§ **Material supplied**
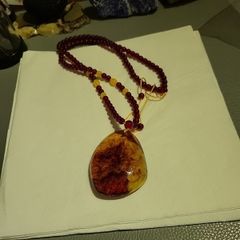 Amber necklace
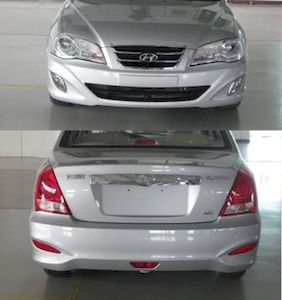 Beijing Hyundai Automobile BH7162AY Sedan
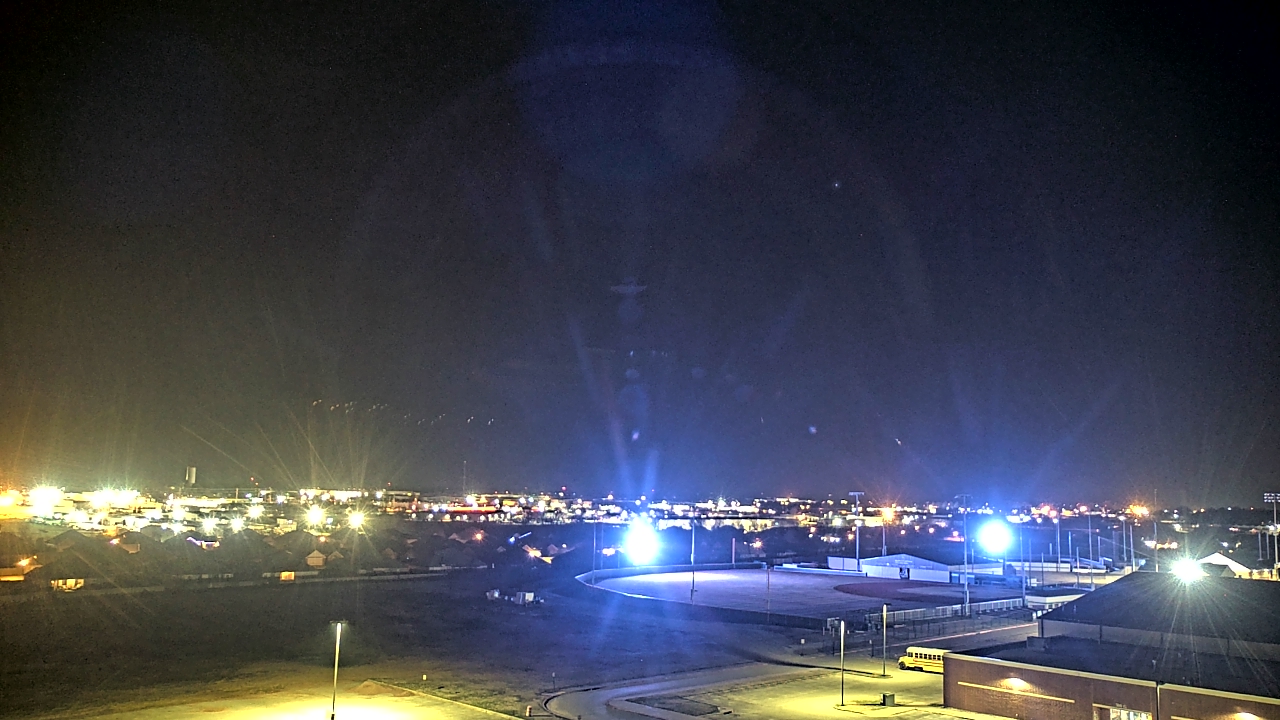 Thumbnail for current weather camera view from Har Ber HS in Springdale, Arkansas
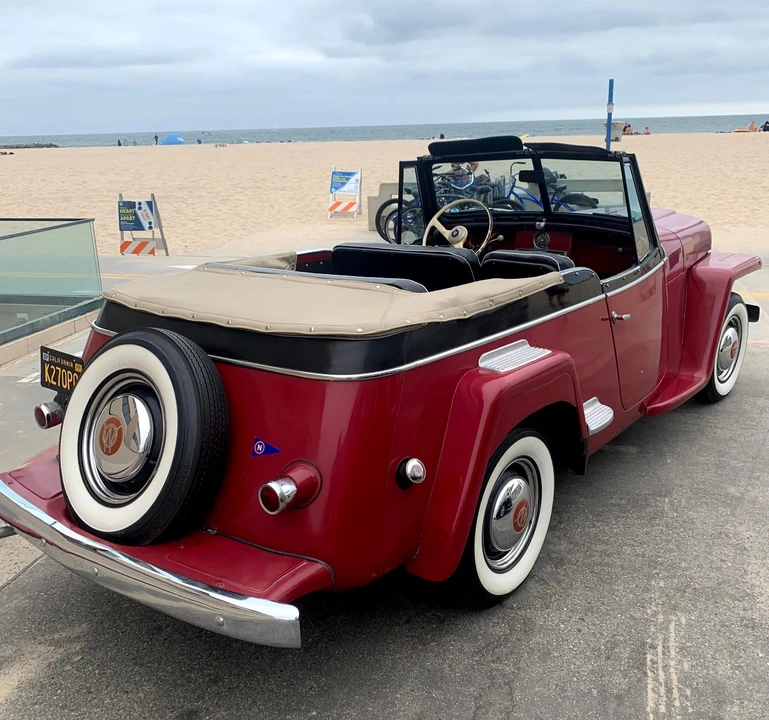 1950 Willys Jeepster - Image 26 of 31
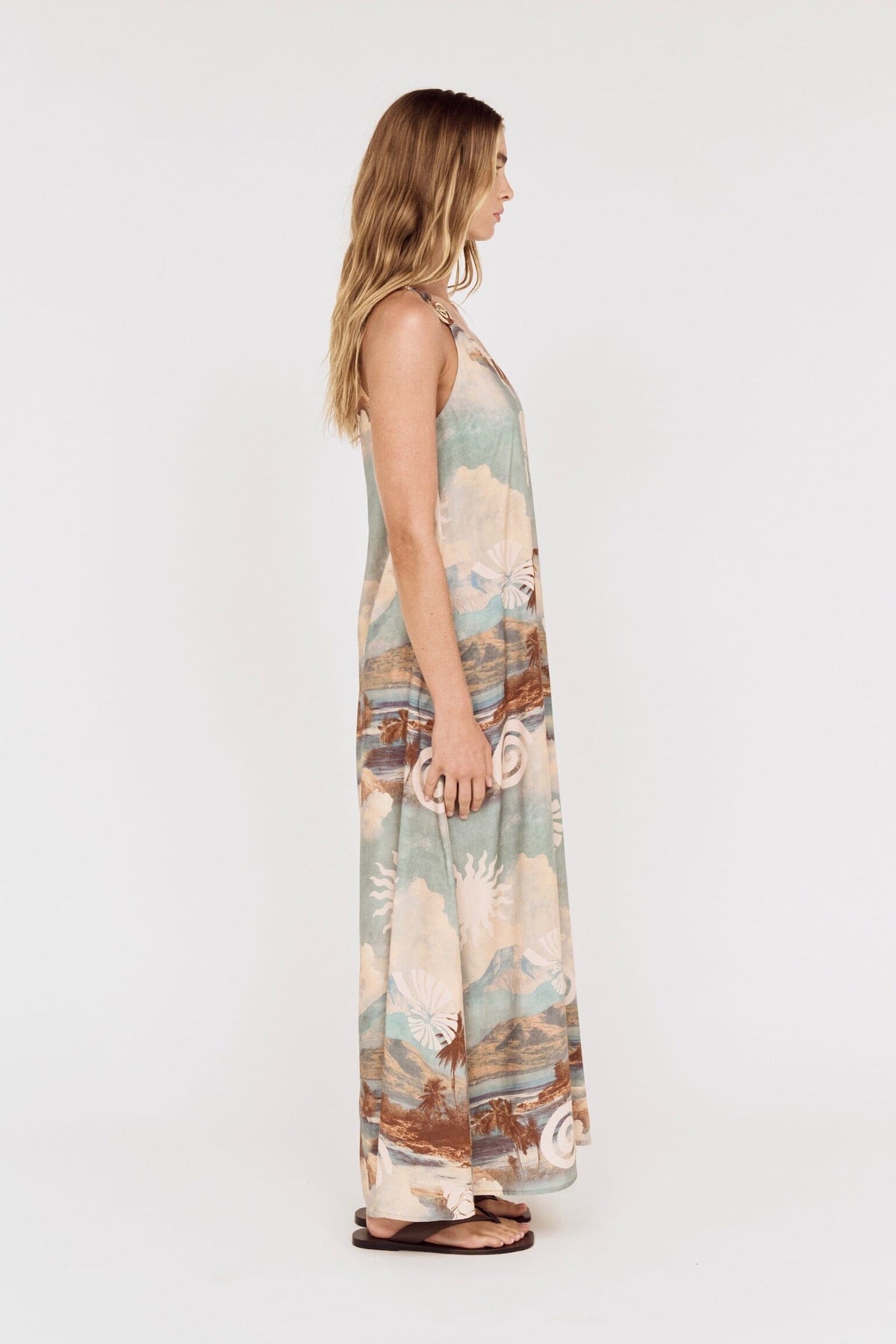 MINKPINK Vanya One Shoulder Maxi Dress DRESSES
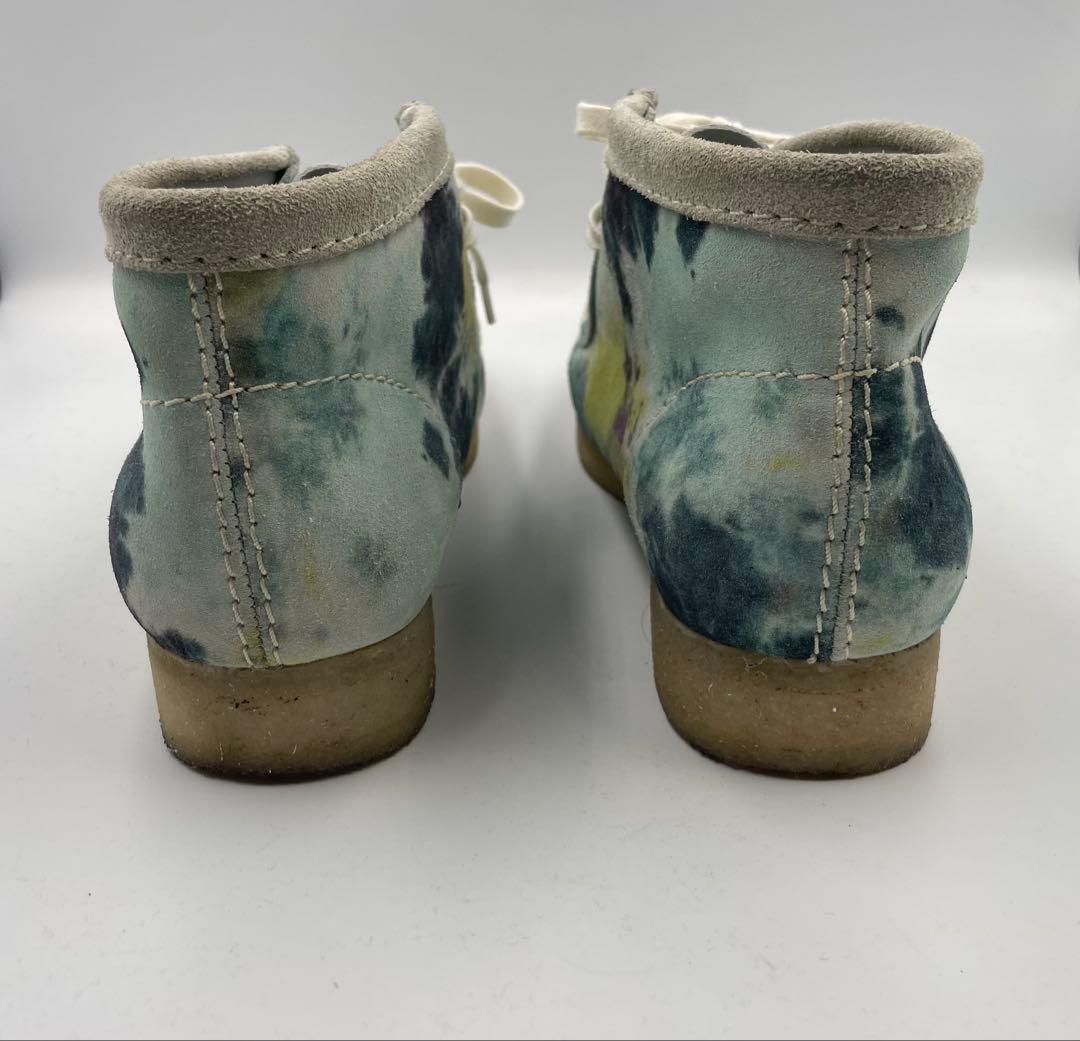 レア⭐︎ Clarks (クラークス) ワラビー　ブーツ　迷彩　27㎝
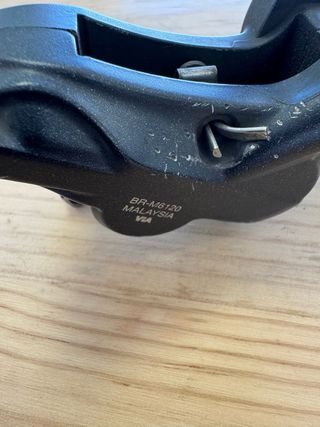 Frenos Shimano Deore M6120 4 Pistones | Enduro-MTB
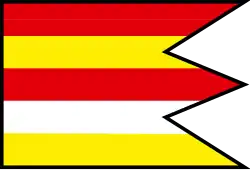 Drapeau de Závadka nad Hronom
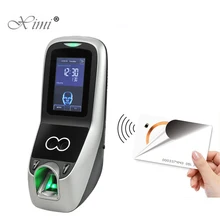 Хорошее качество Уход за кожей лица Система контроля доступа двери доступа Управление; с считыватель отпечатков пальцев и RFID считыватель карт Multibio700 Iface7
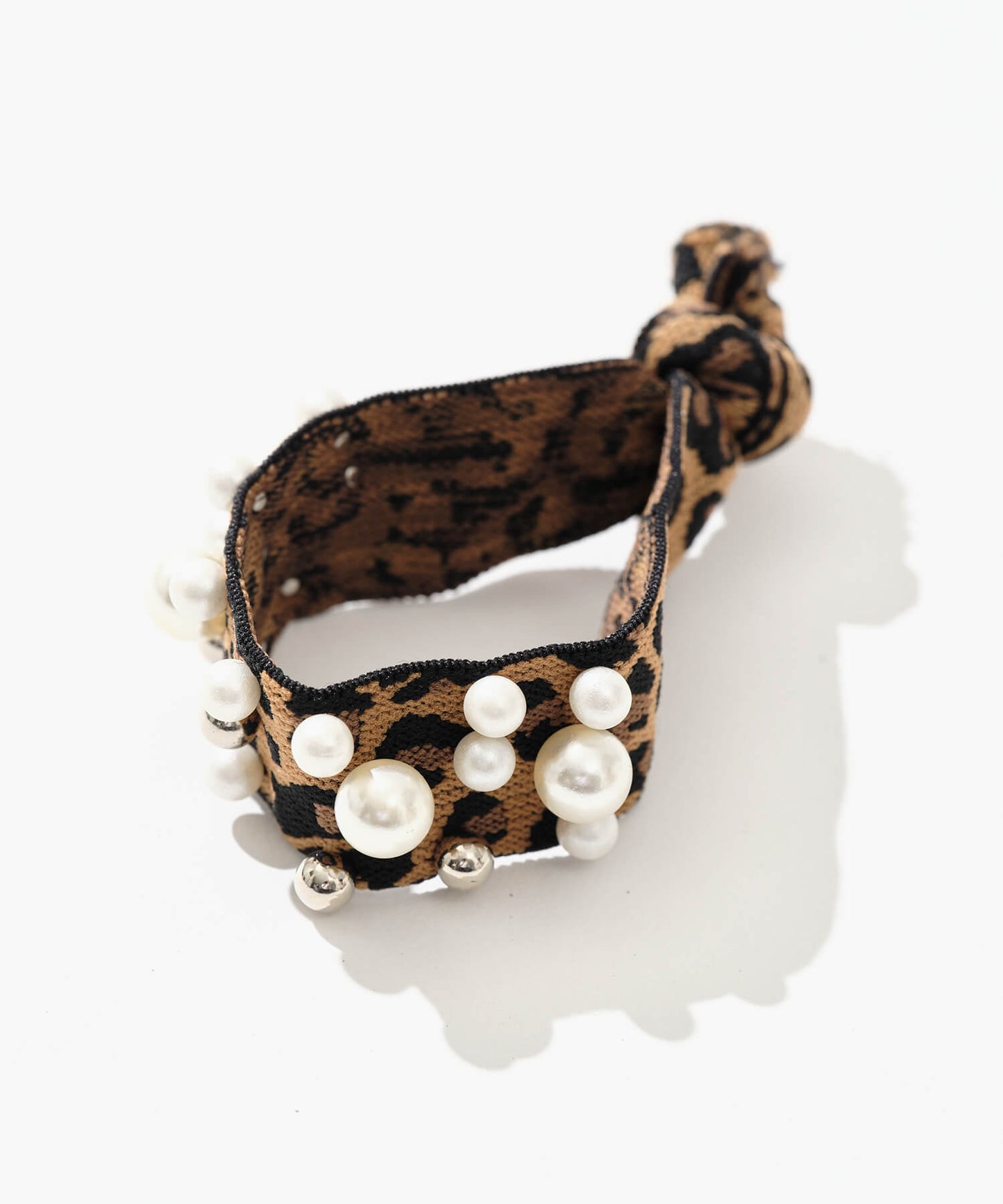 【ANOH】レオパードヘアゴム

§ **Task prompt**
Looking at the listing above, which lines run from the one containing "1950 Willys Jeepster - Image 26 of 31" through the one containing "Drapeau de Závadka nad Hronom"? Print exactly those, ends included, pictures excluded.

§ **Solution for this task**
 1950 Willys Jeepster - Image 26 of 31
 MINKPINK Vanya One Shoulder Maxi Dress DRESSES
 レア⭐︎ Clarks (クラークス) ワラビー　ブーツ　迷彩　27㎝
 Frenos Shimano Deore M6120 4 Pistones | Enduro-MTB
 Drapeau de Závadka nad Hronom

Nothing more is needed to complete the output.